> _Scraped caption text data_
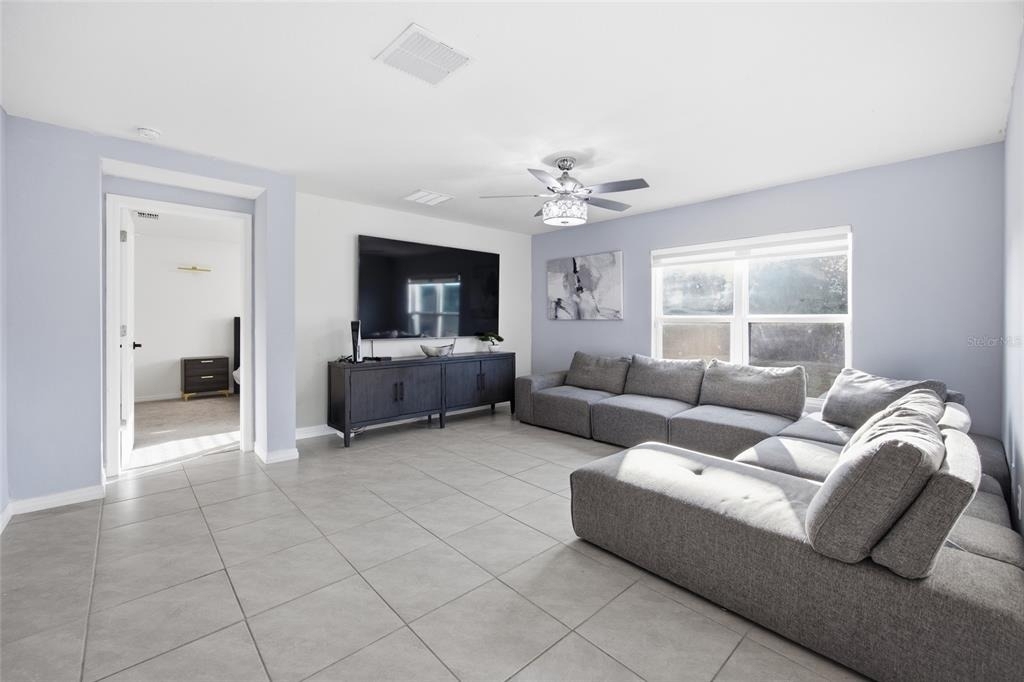 16402 Sw 17th Terrace Road - Photo 17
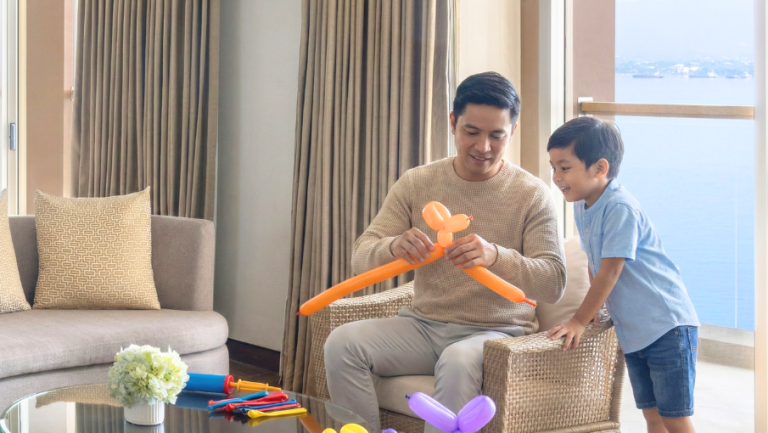 Hoppiness Starts with Us (2)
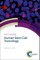Human Stem Cell Toxicology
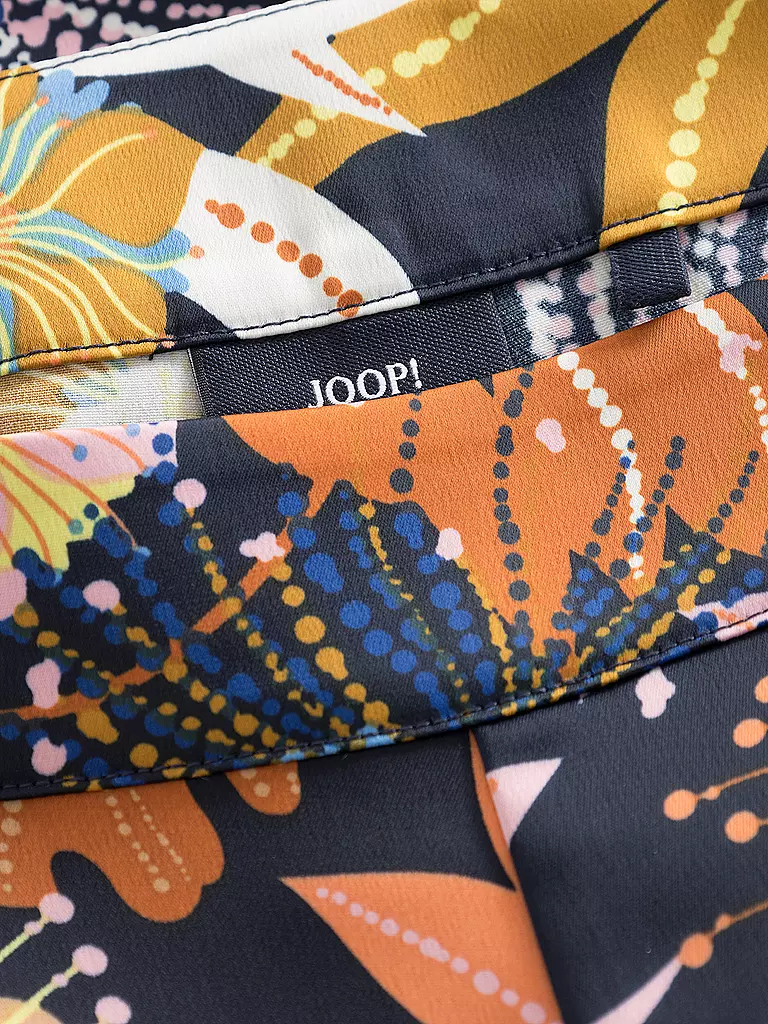 JOOP | Marlenehose | bunt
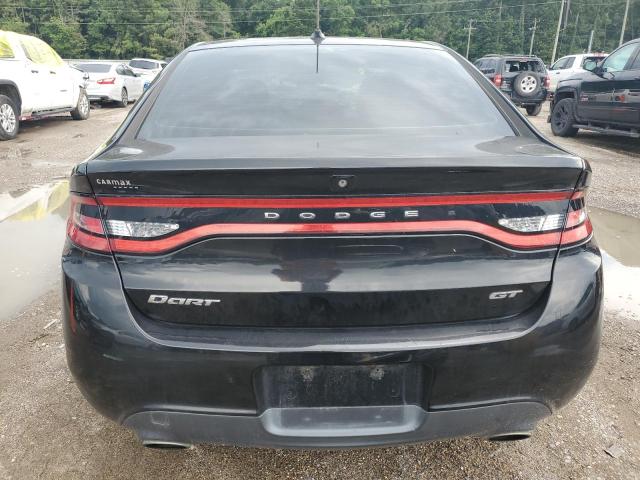 2015 DODGE DART GT 1C3CDFEB2FD193949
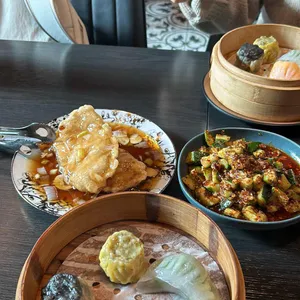 티엔미미 사진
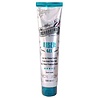 Beardburys Fiber Gel 100 ml Beardburys Fiber Gel 100 ml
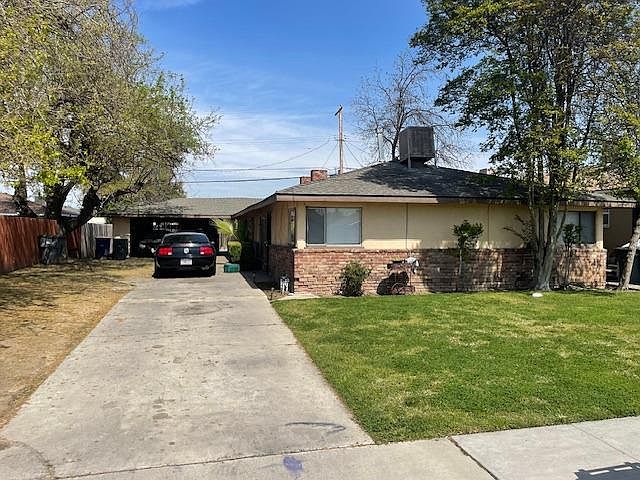1st image of 3465 Mayfair Dr S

> _Work item_
Please copy the data above exactly, omitting the pictures.

> _Written solution_
 16402 Sw 17th Terrace Road - Photo 17
 Hoppiness Starts with Us (2)
Human Stem Cell Toxicology
 JOOP | Marlenehose | bunt
 2015 DODGE DART GT 1C3CDFEB2FD193949
 티엔미미 사진
 Beardburys Fiber Gel 100 ml Beardburys Fiber Gel 100 ml
1st image of 3465 Mayfair Dr S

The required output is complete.